New Delhi: The Central government’s plan to privatise power distribution sector across the country starting with union territories (UT) has evinced interest from state-owned companies such as NTPC and REC, which through their subsidiaries are expected to bid for privatisation projects on offer in the first phase.
Sources privy to the development said that the companies would take the special purpose vehicle route (SPV) for bids for each distribution area to prevent the transfer of one state-run entity being taken over by another government-run enterprise. This would defeat the purpose of privatisation and hence SPV would be set up as complete private entities having professional management capable of running distribution operations efficiently.
As part of the Rs two lakh crore Atmanirbhar Bharat (self-reliant India) package, Finance Minister Nirmala Sitharaman also announced the privatisation of distribution business in the country starting with union territories. The government has also kept tight a deadline of bidding out a few projects by as early as 2021.
“We have asked public sector enterprises to look at privatisation of discoms and place their bids. NTPC and REC have some experience in the sector and could be possible candidates to professionalise discoms of UTs,” said a top source in the Union Power Ministry asking not to be named.

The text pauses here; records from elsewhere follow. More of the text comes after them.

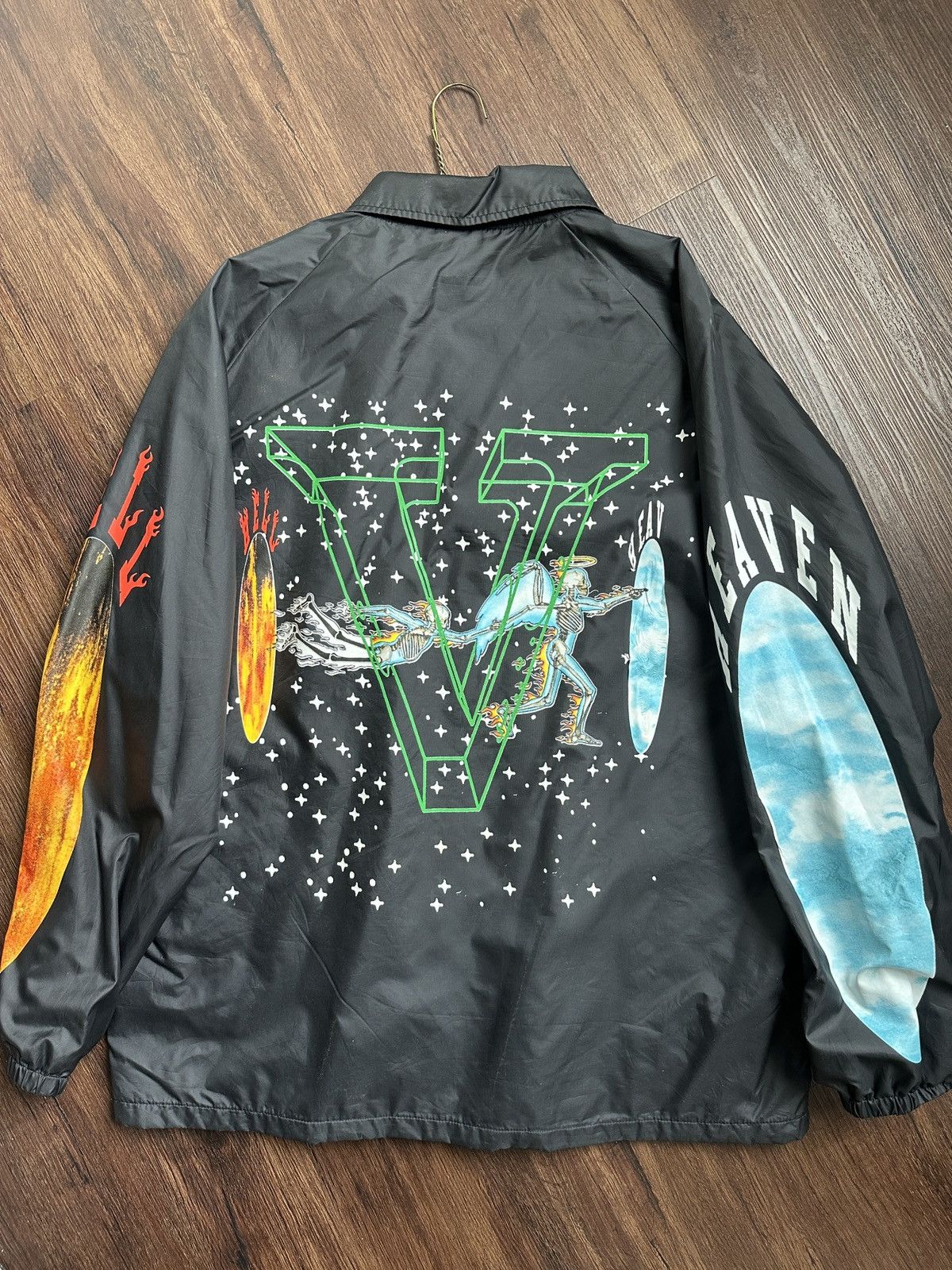 Saint Michael SAINT MICHAEL X VLONE SKULL COACH JACKET(Read Description) Size US XL / EU 56 / 4 - 2 Thumbnail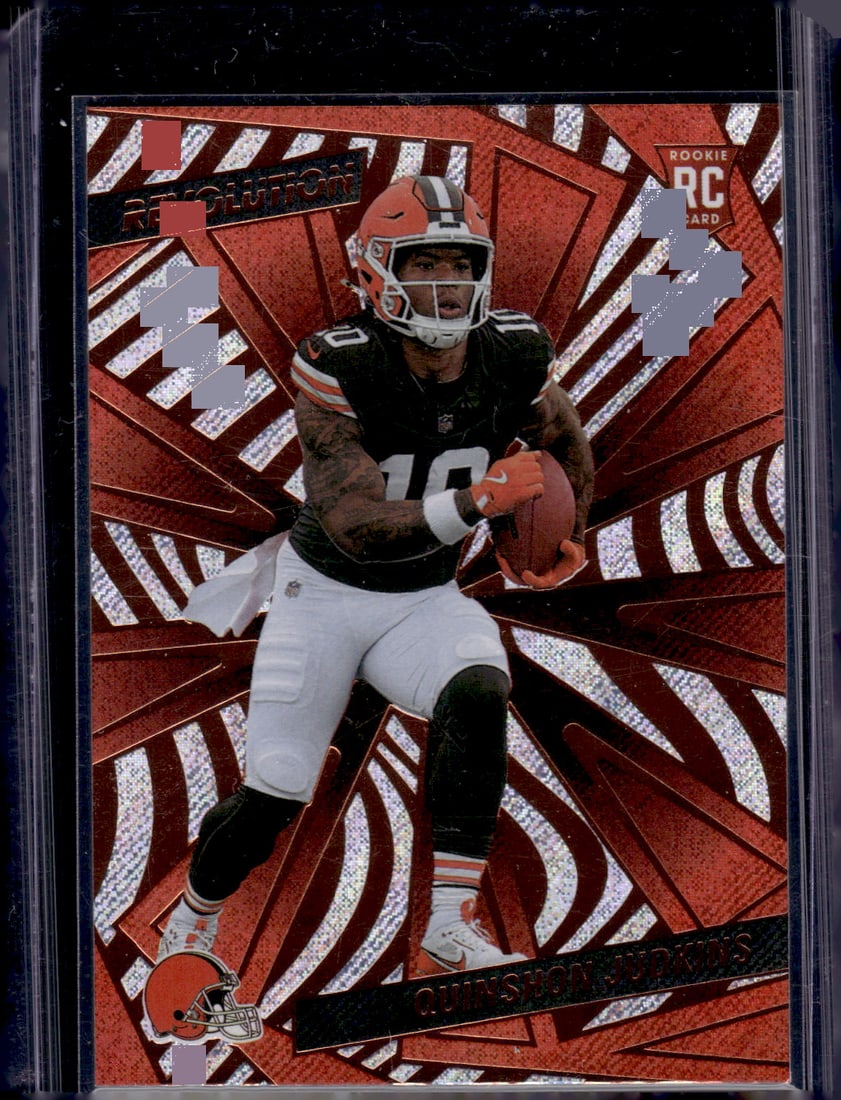 Quinshon Judkins Rookie Card 2025 Panini Revolution #236 Cleveland Browns: Panini Select, Prizm, Mosaic, Contenders, Zenith, Phoenix, Illusions, Absolute, Rookie NFL Sports Trading Cards, SP, SSP, Cards, Football Cards for Sale Near Me, Superbowl & Hall of Fame Player Cards,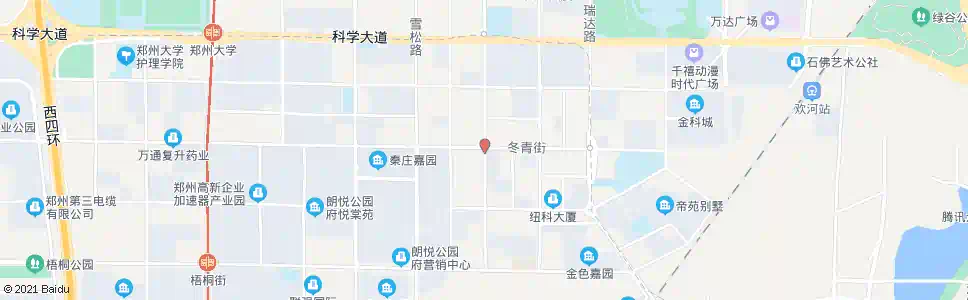 郑州冬青街银屏路_公交站地图_郑州公交_妙搜公交查询2025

It is expected that NTPC may participate through its subsidiary NTPC Electric Supply Company Ltd (NESCL) and power sector financier REC through its entity REC Power Distribution Co Ltd.
NTPC is already in distribution operations through a joint venture in Kerala. The company is also scouting for a professional CEO to look after its power distribution operations where it wants to make a big foray.
In the first lot, the UTs of Chandigarh, Dadra & Nagar Haveli may be put out for bidding under privatisation initiative. Depending on the success, bid documents for other UTS would be finalised.